* **EXERCISE PROMPT**
An exact repetition of the records is required. Leave nothing out.

* **DATA**
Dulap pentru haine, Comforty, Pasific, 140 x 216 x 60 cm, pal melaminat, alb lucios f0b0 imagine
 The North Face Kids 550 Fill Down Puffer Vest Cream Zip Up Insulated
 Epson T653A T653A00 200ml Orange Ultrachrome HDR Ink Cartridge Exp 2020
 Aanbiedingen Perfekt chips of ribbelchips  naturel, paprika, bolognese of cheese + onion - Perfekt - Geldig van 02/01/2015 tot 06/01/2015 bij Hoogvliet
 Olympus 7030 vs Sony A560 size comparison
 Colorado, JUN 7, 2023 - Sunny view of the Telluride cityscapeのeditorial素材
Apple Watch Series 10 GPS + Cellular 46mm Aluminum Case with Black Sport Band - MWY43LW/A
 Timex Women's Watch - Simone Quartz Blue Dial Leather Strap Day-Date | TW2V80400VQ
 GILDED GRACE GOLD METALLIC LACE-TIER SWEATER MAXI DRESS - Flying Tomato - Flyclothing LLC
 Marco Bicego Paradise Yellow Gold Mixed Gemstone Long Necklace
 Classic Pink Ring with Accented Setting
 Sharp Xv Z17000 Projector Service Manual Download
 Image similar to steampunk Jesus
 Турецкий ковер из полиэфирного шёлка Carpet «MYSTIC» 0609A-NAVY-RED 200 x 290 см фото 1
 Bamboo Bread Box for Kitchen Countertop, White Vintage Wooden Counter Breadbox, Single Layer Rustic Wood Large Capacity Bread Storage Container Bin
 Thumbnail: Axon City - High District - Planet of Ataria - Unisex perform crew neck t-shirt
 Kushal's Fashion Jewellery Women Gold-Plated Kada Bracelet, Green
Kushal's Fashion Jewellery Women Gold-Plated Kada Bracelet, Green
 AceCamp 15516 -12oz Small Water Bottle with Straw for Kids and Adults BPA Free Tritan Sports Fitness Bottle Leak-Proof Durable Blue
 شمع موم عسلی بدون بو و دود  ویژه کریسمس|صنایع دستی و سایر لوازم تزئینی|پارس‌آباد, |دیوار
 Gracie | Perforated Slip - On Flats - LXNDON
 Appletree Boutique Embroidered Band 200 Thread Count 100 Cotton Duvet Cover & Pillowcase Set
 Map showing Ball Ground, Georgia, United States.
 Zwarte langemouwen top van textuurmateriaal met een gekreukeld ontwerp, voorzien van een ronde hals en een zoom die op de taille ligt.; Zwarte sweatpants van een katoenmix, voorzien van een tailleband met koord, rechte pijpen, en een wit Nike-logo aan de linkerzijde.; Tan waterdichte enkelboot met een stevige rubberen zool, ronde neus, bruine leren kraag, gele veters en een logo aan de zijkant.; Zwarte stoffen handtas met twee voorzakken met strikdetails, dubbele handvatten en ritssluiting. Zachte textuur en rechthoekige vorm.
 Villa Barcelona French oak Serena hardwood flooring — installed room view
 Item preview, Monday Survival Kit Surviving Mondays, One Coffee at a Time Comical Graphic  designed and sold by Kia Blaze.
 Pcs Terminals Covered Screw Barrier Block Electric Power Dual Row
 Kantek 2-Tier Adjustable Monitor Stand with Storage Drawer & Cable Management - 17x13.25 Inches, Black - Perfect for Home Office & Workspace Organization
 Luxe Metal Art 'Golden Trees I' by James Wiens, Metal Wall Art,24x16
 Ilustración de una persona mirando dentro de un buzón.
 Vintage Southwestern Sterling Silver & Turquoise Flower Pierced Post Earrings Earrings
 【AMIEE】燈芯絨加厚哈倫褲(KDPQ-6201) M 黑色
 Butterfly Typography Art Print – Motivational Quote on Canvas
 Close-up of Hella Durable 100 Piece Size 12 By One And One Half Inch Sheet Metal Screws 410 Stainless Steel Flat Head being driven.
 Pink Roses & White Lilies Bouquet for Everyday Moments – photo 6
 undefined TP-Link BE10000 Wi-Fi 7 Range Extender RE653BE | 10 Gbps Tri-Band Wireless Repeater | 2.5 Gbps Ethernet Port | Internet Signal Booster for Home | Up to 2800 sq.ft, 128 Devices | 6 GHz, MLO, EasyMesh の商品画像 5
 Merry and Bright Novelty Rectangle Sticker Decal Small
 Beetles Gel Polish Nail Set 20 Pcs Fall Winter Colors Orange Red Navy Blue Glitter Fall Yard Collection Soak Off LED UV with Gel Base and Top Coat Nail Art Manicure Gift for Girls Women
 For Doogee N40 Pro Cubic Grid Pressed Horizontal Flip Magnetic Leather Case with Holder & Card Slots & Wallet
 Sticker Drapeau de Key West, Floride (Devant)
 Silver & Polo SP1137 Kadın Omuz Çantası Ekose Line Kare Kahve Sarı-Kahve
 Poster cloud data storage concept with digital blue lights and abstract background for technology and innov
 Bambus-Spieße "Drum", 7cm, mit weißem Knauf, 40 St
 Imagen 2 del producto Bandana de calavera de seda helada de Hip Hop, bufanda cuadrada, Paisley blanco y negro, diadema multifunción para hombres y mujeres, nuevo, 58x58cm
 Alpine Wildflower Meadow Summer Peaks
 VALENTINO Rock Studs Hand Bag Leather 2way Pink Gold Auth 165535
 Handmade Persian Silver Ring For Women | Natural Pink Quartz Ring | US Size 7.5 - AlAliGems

* **RESULT OF THE TASK**
Dulap pentru haine, Comforty, Pasific, 140 x 216 x 60 cm, pal melaminat, alb lucios f0b0 imagine
 The North Face Kids 550 Fill Down Puffer Vest Cream Zip Up Insulated
 Epson T653A T653A00 200ml Orange Ultrachrome HDR Ink Cartridge Exp 2020
 Aanbiedingen Perfekt chips of ribbelchips  naturel, paprika, bolognese of cheese + onion - Perfekt - Geldig van 02/01/2015 tot 06/01/2015 bij Hoogvliet
 Olympus 7030 vs Sony A560 size comparison
 Colorado, JUN 7, 2023 - Sunny view of the Telluride cityscapeのeditorial素材
Apple Watch Series 10 GPS + Cellular 46mm Aluminum Case with Black Sport Band - MWY43LW/A
 Timex Women's Watch - Simone Quartz Blue Dial Leather Strap Day-Date | TW2V80400VQ
 GILDED GRACE GOLD METALLIC LACE-TIER SWEATER MAXI DRESS - Flying Tomato - Flyclothing LLC
 Marco Bicego Paradise Yellow Gold Mixed Gemstone Long Necklace
 Classic Pink Ring with Accented Setting
 Sharp Xv Z17000 Projector Service Manual Download
 Image similar to steampunk Jesus
 Турецкий ковер из полиэфирного шёлка Carpet «MYSTIC» 0609A-NAVY-RED 200 x 290 см фото 1
 Bamboo Bread Box for Kitchen Countertop, White Vintage Wooden Counter Breadbox, Single Layer Rustic Wood Large Capacity Bread Storage Container Bin
 Thumbnail: Axon City - High District - Planet of Ataria - Unisex perform crew neck t-shirt
 Kushal's Fashion Jewellery Women Gold-Plated Kada Bracelet, Green
Kushal's Fashion Jewellery Women Gold-Plated Kada Bracelet, Green
 AceCamp 15516 -12oz Small Water Bottle with Straw for Kids and Adults BPA Free Tritan Sports Fitness Bottle Leak-Proof Durable Blue
 شمع موم عسلی بدون بو و دود  ویژه کریسمس|صنایع دستی و سایر لوازم تزئینی|پارس‌آباد, |دیوار
 Gracie | Perforated Slip - On Flats - LXNDON
 Appletree Boutique Embroidered Band 200 Thread Count 100 Cotton Duvet Cover & Pillowcase Set
 Map showing Ball Ground, Georgia, United States.
 Zwarte langemouwen top van textuurmateriaal met een gekreukeld ontwerp, voorzien van een ronde hals en een zoom die op de taille ligt.; Zwarte sweatpants van een katoenmix, voorzien van een tailleband met koord, rechte pijpen, en een wit Nike-logo aan de linkerzijde.; Tan waterdichte enkelboot met een stevige rubberen zool, ronde neus, bruine leren kraag, gele veters en een logo aan de zijkant.; Zwarte stoffen handtas met twee voorzakken met strikdetails, dubbele handvatten en ritssluiting. Zachte textuur en rechthoekige vorm.
 Villa Barcelona French oak Serena hardwood flooring — installed room view
 Item preview, Monday Survival Kit Surviving Mondays, One Coffee at a Time Comical Graphic  designed and sold by Kia Blaze.
 Pcs Terminals Covered Screw Barrier Block Electric Power Dual Row
 Kantek 2-Tier Adjustable Monitor Stand with Storage Drawer & Cable Management - 17x13.25 Inches, Black - Perfect for Home Office & Workspace Organization
 Luxe Metal Art 'Golden Trees I' by James Wiens, Metal Wall Art,24x16
 Ilustración de una persona mirando dentro de un buzón.
 Vintage Southwestern Sterling Silver & Turquoise Flower Pierced Post Earrings Earrings
 【AMIEE】燈芯絨加厚哈倫褲(KDPQ-6201) M 黑色
 Butterfly Typography Art Print – Motivational Quote on Canvas
 Close-up of Hella Durable 100 Piece Size 12 By One And One Half Inch Sheet Metal Screws 410 Stainless Steel Flat Head being driven.
 Pink Roses & White Lilies Bouquet for Everyday Moments – photo 6
 undefined TP-Link BE10000 Wi-Fi 7 Range Extender RE653BE | 10 Gbps Tri-Band Wireless Repeater | 2.5 Gbps Ethernet Port | Internet Signal Booster for Home | Up to 2800 sq.ft, 128 Devices | 6 GHz, MLO, EasyMesh の商品画像 5
 Merry and Bright Novelty Rectangle Sticker Decal Small
 Beetles Gel Polish Nail Set 20 Pcs Fall Winter Colors Orange Red Navy Blue Glitter Fall Yard Collection Soak Off LED UV with Gel Base and Top Coat Nail Art Manicure Gift for Girls Women
 For Doogee N40 Pro Cubic Grid Pressed Horizontal Flip Magnetic Leather Case with Holder & Card Slots & Wallet
 Sticker Drapeau de Key West, Floride (Devant)
 Silver & Polo SP1137 Kadın Omuz Çantası Ekose Line Kare Kahve Sarı-Kahve
 Poster cloud data storage concept with digital blue lights and abstract background for technology and innov
 Bambus-Spieße "Drum", 7cm, mit weißem Knauf, 40 St
 Imagen 2 del producto Bandana de calavera de seda helada de Hip Hop, bufanda cuadrada, Paisley blanco y negro, diadema multifunción para hombres y mujeres, nuevo, 58x58cm
 Alpine Wildflower Meadow Summer Peaks
 VALENTINO Rock Studs Hand Bag Leather 2way Pink Gold Auth 165535
 Handmade Persian Silver Ring For Women | Natural Pink Quartz Ring | US Size 7.5 - AlAliGems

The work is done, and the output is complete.